The Immortalists

He’s surprised to find the door unlocked. He mounts the stairs and steps inside.

A moment before his eyes adjust to the dark. It’s difficult to see with the windows covered, but the basic layout is discernible. He stands in a cramped living area, his left knee touching a dingy couch in a terrible abstract pattern. There’s a table across from the couch, or barely a table – a surface that folds out from the wall, currently stacked with boxes. Two metal folding chairs are wedged between the table and the front seats, also covered with boxes. To the left of the table is a sink and another strip of counter space with an assortment of candles and figurines.

He walks farther into the trailer, passing a spare, cramped bathroom before he comes to a closed door. In the center of the door, at eye level, a wooden cross hangs from two thumbtacks. He turns the doorknob.

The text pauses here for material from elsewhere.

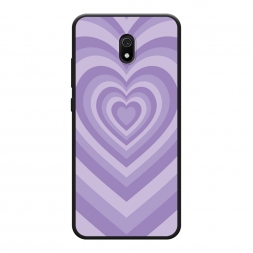 ������� ����������� ����� Violet heart latte �� Xiaomi Redmi 8A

A twin bed has been pushed up next to the wall. Beside it is a crate with a bible on top, as well as a plate, empty except for a plastic wrapper. Above that is a small, square window. The bed is covered with plaid flannel sheets and a navy blue comforter between which extends a single foot.

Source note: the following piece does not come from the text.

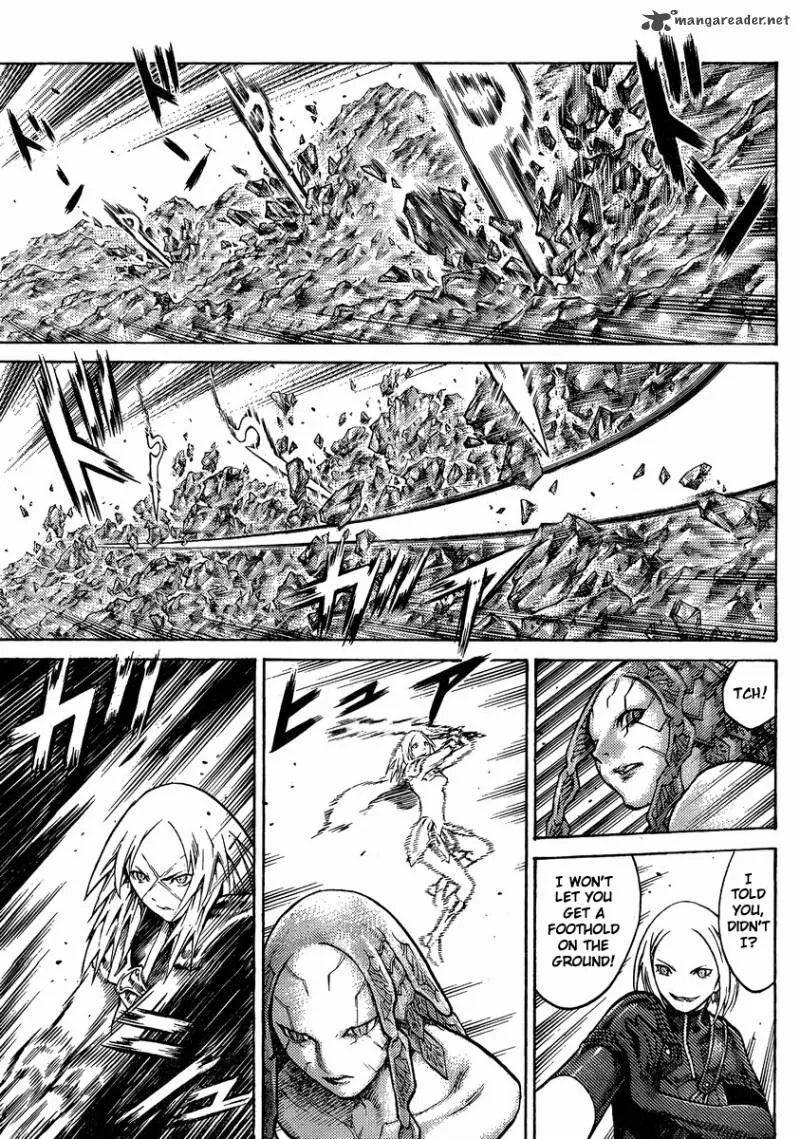 Claymore Chapter 124 page 6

Daniel clears his throat. ‘Get up.’

The body stirs. Its face is turned to one side and hidden beneath long tendrils of hair. Slowly, a woman shifts onto her back and opens one eye, then the other. For a moment, she looks at him blankly. Then she inhales sharply and pushes herself to a seated position. She wears a cotton nightgown printed with tiny yellow flowers.

‘I have a gun,’ says Daniel. ‘Get dressed.’ Already, he’s disgusted by her. Her foot is bare, the heel rough and cracked. ‘We’re going to talk.’

He brings her into the living area and tells her to sit on the couch. She carries the navy comforter from the bedroom and keeps it wrapped around her shoulders. Daniel removes the black shades from the windows, so that he can see her better in the moonlight.

She’s still heavy, though perhaps she looks larger this way, swaddled in the comforter. Her hair is white and unkempt and hangs down to her breasts; her face is covered with delicate, capillary wrinkles, so precise they could be drawn by pencil. The flesh beneath her eyes is a sallow pink.

‘I know you.’ Her voice is rusty. ‘I remember you. You came to see me in New York. You had your siblings, they were there. Two girls and a little boy.’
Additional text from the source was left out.